October 31, 2009 at 2:44 pm
Aaron Cabrele (10/31/2009)
It says no additional identity column so that doesn't outrule the hidden one that already exists... As for adding a guid it depends on how strictly you say what is an identity column - is that simply a column with the identity property, therefor any other column like uniqueidentifier can be added?...!I love the way, once most or all possibilities are exhausted, we try and re-interpret the question, bend
the rules...
LOL. Well, the objective is to find the simplest solution within the rules given. As with any game or puzzle, a large part of the solution is knowing what the boundaries really are.
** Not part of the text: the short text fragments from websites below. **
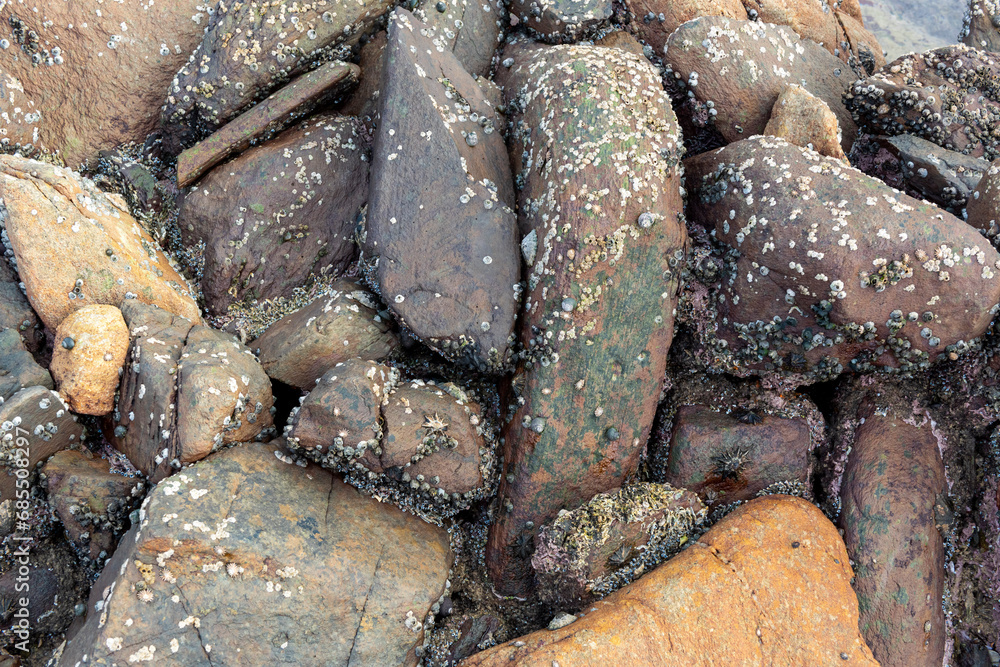 abstract, texture, rocks, plants, stone, rock, nature details for a background abstract, texture, rocks, plants, stone, rock, nature details for a background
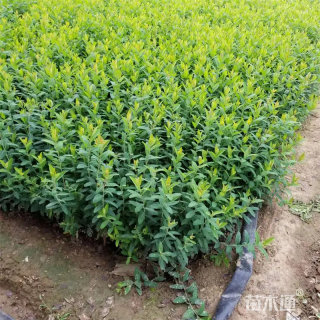 高度80厘米金丝桃小苗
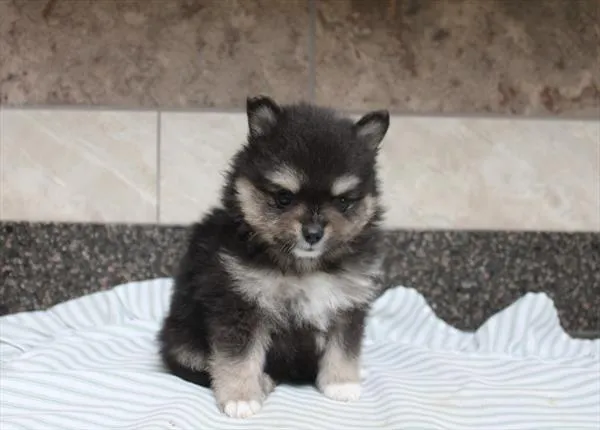 Female Pomeranian puppy for sale at Shake A Paw Green Brook.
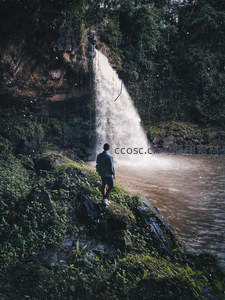 旅人驻足观瀑，丛林深处水雾弥漫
October 31, 2009 at 9:07 pm
Barry, someone sent me this link again, although I'd read it the last time around, and your description of the problem got me to reminiscing. It takes me back to the days of fixed file extents on disk. Probably the primary reason why you had to do an update in place was that the rest of the disk was spoken for. If things were really tight though, you might even have written a loop to de-dupe one set of identical rows at a time. There were so many hardware limitations to work around, and I'd all but forgotten them. Thanks for taking me back to the "bad old days".
__________________________________________________
Against stupidity the gods themselves contend in vain. -- Friedrich Schiller
Stop, children, what's that sound? Everybody look what's going down. -- Stephen Stills
November 1, 2009 at 5:20 pm
Maybe I'm missing something, but the query the original poster was looking for is simple with the appropriate GROUP BY and HAVING clauses.
SELECT Name, Age, Sex
FROM Source
GROUP BY Name, Age, Sex
HAVING COUNT(*) > 1
This ensures that the output from the query includes only a row for duplicate rows. Note no row will be output for a unique row.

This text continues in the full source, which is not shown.